Alprostadil (Caverject/MUSE) Pediatric Safety: What Clinicians Need to Know for Children Under 12

At a glance
- Primary pediatric indication / maintaining patency of the ductus arteriosus in ductus-dependent congenital heart disease
- FDA approval status (IV formulation) / recognized for neonatal and infant use; Caverject and MUSE carry no pediatric ED labeling
- Starting IV dose (neonates) / 0.05 to 0.1 mcg/kg/min continuous infusion
- Most serious adverse effect / apnea, occurring in approximately 10-12% of neonates
- Fever incidence / reported in up to 14% of neonates receiving prostaglandin E1
- Cortical hyperostosis risk / long-term infusion beyond 4 weeks associated with skeletal changes
- Monitoring requirement / continuous cardiorespiratory monitoring, blood gases, and blood pressure throughout infusion
- Caverject / MUSE use in under-12 patients / no clinical indication; not studied and not approved for this population
- Key distinction / IV alprostadil (PGE1) is a separate clinical context from intracavernosal or intraurethral adult formulations
What Is Alprostadil and Why Does Pediatric Context Matter?
Alprostadil is synthetic prostaglandin E1 (PGE1).

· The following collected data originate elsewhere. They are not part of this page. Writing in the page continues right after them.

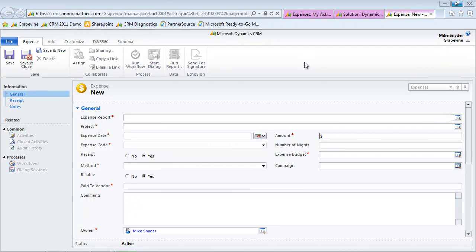Hi, I want to spend a few minutes today walking through a really powerful utility that Sonoma Partners has developed for Microsoft CRM called Dynamic Forms.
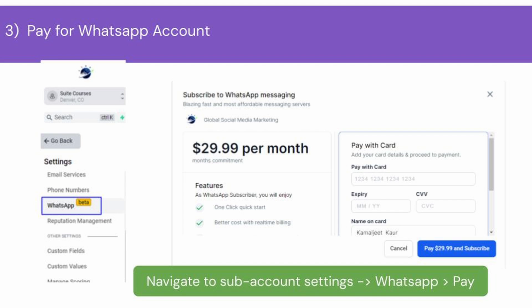Head over to WhatsApp from the left navigation bar. On this page, you will see the total price that you need to pay for WhatsApp and an option to complete payment. Go ahead and complete the payment to start using WhatsApp. Once you complete the payment, your page will now turn into the WhatsApp configuration page where you can start configuring a WhatsApp account for your business.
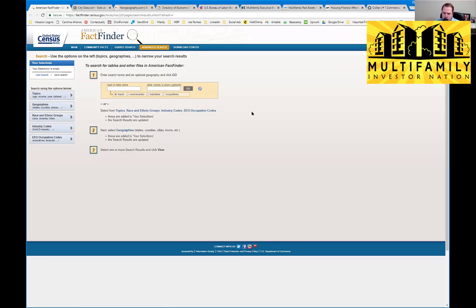Several of you are asking: what's the name of that report, and how many are available online for free? I'm going to try to put together a PDF with resources and links. If you're on the Facebook platform and want access to these, shoot me an email at dan@multifamilyinvestornation.com and I will send you a copy. I'll put it together with the names of these reports so you can have them for your research.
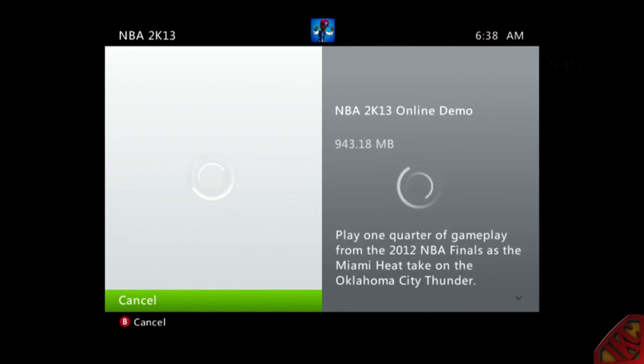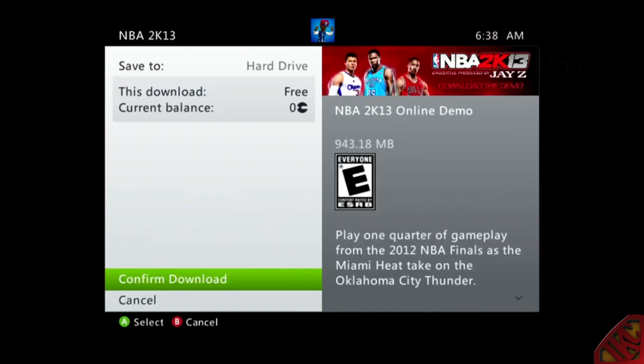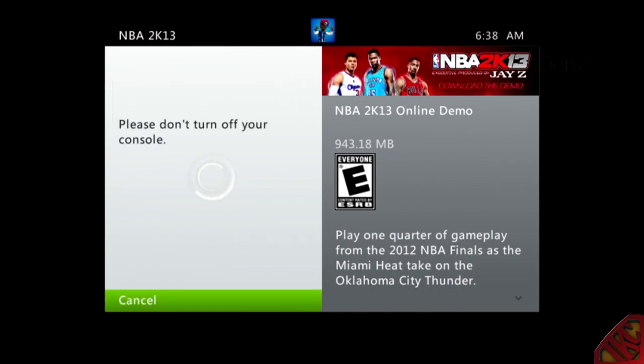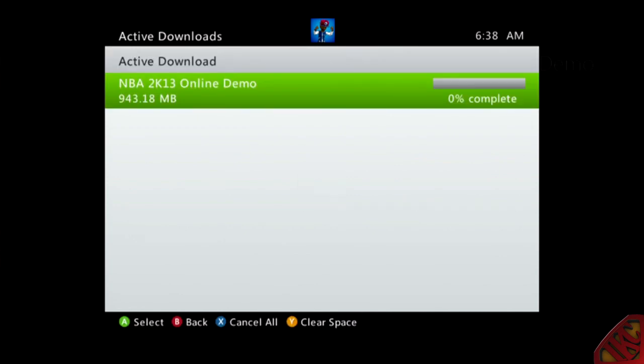Somebody hit me up on Twitter and told me to go to game marketplace, demos, genre, sports games. That's all you gotta do to get this demo and get your hands on it right now. I know my internet is a little bit slow, it should have downloaded a whole lot quicker. I know it's a whole gig.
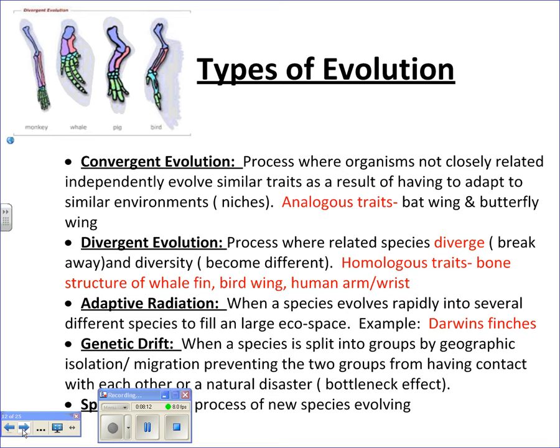Types of evolution — you may also see this on the EOC and in focus questions for this unit. Convergent evolution is when unrelated organisms come to resemble each other, like birds, bats, and butterflies all having wings. Does that mean they have a common ancestor and are related? No. Those are analogous traits, but they are converging to achieve a goal, which is flight.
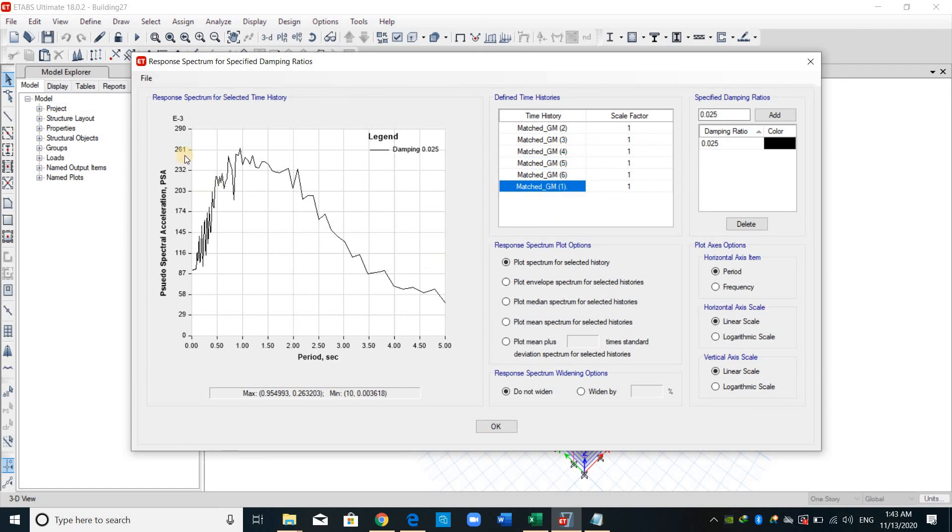I want to compare the time history function with the response spectrum analysis. And this is the end of this video. And please continue the next one.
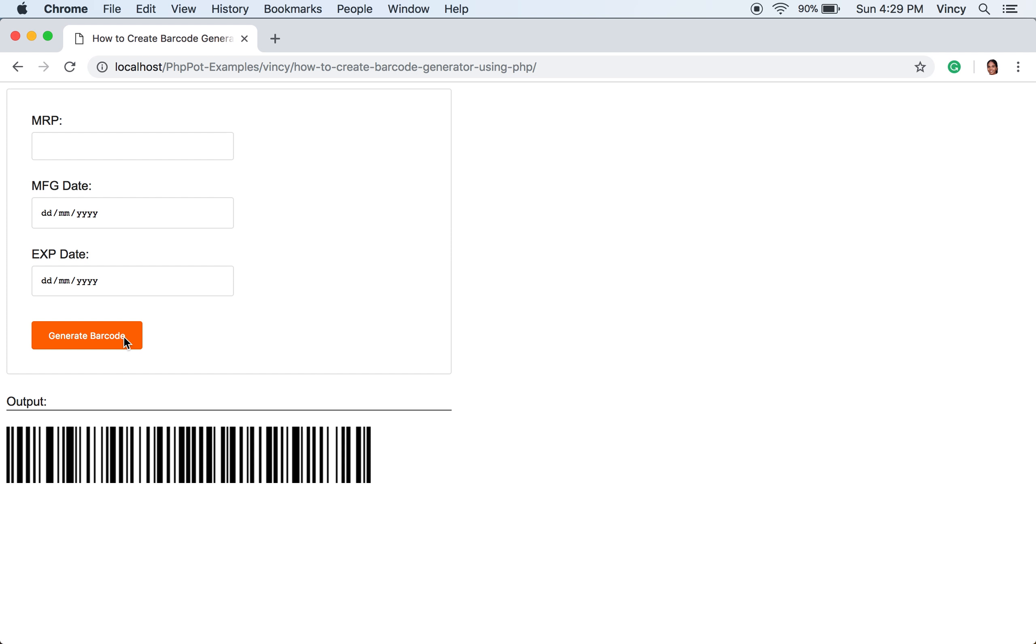On form submit, the barcode object is created and used to generate output image dynamically in PNG format. Thus we have generated the product barcode. By scanning this image, the product data can be read.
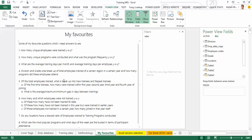Of the total employees trained, what is the breakup into new trainees and repeat trainees? Of the first-time trainees, how many were trained within the first, second, third, and fourth year of joining? What is the average, minimum, and maximum gap in days between trainings? How many employees were not trained year on year, how many have not been trained till date, how many were trained in earlier years but not this year, and how many employees not trained in a certain year joined in that year itself? Do any locations have a skewed ratio of employees trained to training programs conducted, and what are the most popular training programs and busiest days of the week?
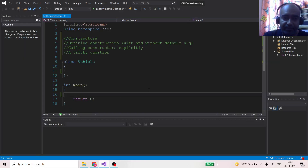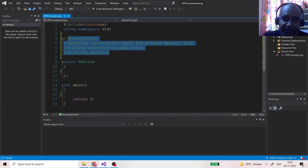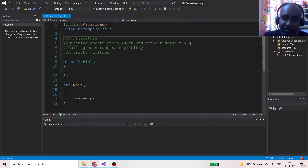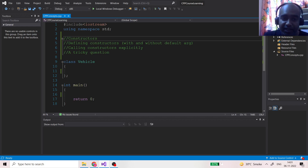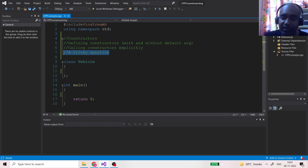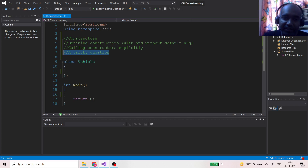Hello friends, welcome back. In today's lecture we are going to discuss constructors. These are the four topics we will cover: what are constructors, why we use them, how we define them, whether we can use them with and without default arguments, whether we can call constructors explicitly, and finally a tricky interview question showing the beauty of C++.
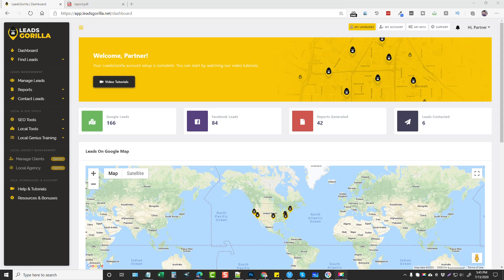Hey, this is Chris with vidsociety.com. Today I'm going to be doing a review for you on a product called Leads Gorilla. This is a really high quality web-based tool that can help you find local leads from pretty much anywhere on Facebook or Google, to create reports, send emails, and a whole lot more.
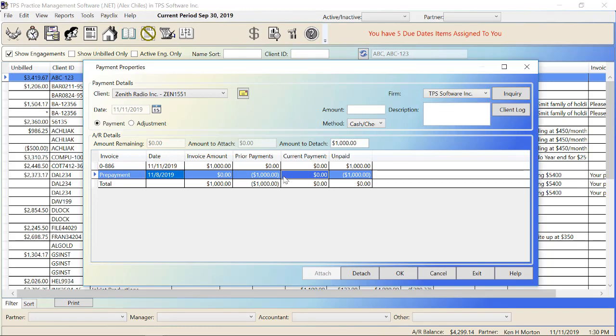If, however, you had a situation where you only wanted to use some of it, like for example, if a client is arguing with you and saying they only want to pay $700 toward this invoice and not all of their $1,000, and you come to an agreement, then you can manually type in $700 in the field that says amount to detach and then click detach.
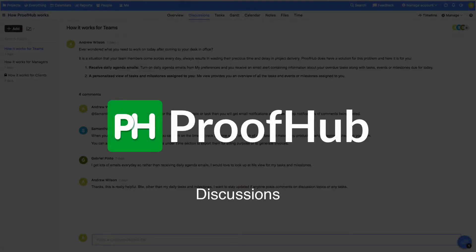Hi there! In this video, we'll talk about how discussions can help you replace messy email threads and centralize everything.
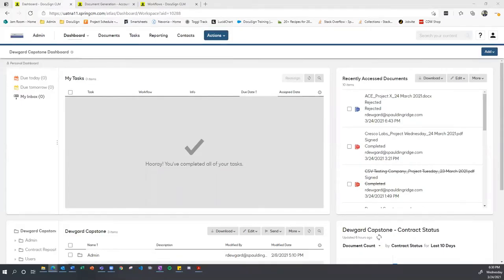Hello, my name is Roland Dugard and this is my capstone project for the DocuSign CLM Implementation Consultant Accreditation Program. Before I get started, I want to go ahead and read the use case for this project.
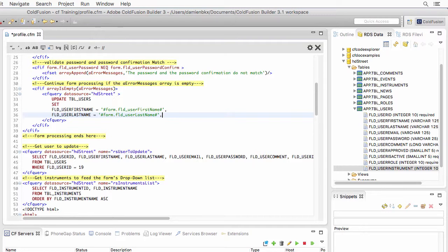Notice the quotes around those pieces of dynamic data, because those are strings. Now, we have to do the very same thing for the remaining fields of the database that we want to update.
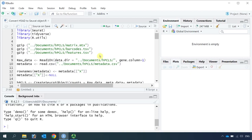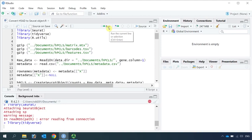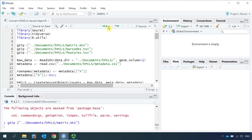Because Seurat requires gzip files, first we need to convert the matrix, barcode, and feature files into gzip files. So let's load our libraries. The R utility package is the one for gzip. So now we can zip our files.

It relaxes smooth muscle in vascular walls and the ductus arteriosus, and it is this property that makes it medically indispensable in neonatal cardiology while also forming the pharmacological basis of its adult erectile dysfunction applications. The critical starting point for any clinician or caregiver searching for pediatric safety data is recognizing that the brand names Caverject and MUSE represent intracavernosal and intraurethral formulations designed exclusively for adult males with erectile dysfunction. Linet et al. (NEJM 1996, N=296) demonstrated approximately 70% response rates with intracavernosal alprostadil in men with refractory ED, establishing its adult role solidly [1]. No equivalent pediatric ED indication exists, because the condition itself does not present in children under 12.
The pediatric safety story of alprostadil is therefore almost entirely about intravenous prostaglandin E1 in neonates and young infants with ductus-dependent congenital heart defects. This population may include newborns with transposition of the great arteries, pulmonary atresia, tricuspid atresia, critical coarctation of the aorta, hypoplastic left heart syndrome, and related lesions where survival depends on keeping the ductus arteriosus open until surgical or catheter-based correction can proceed. Understanding this distinction prevents both clinical errors and parental confusion.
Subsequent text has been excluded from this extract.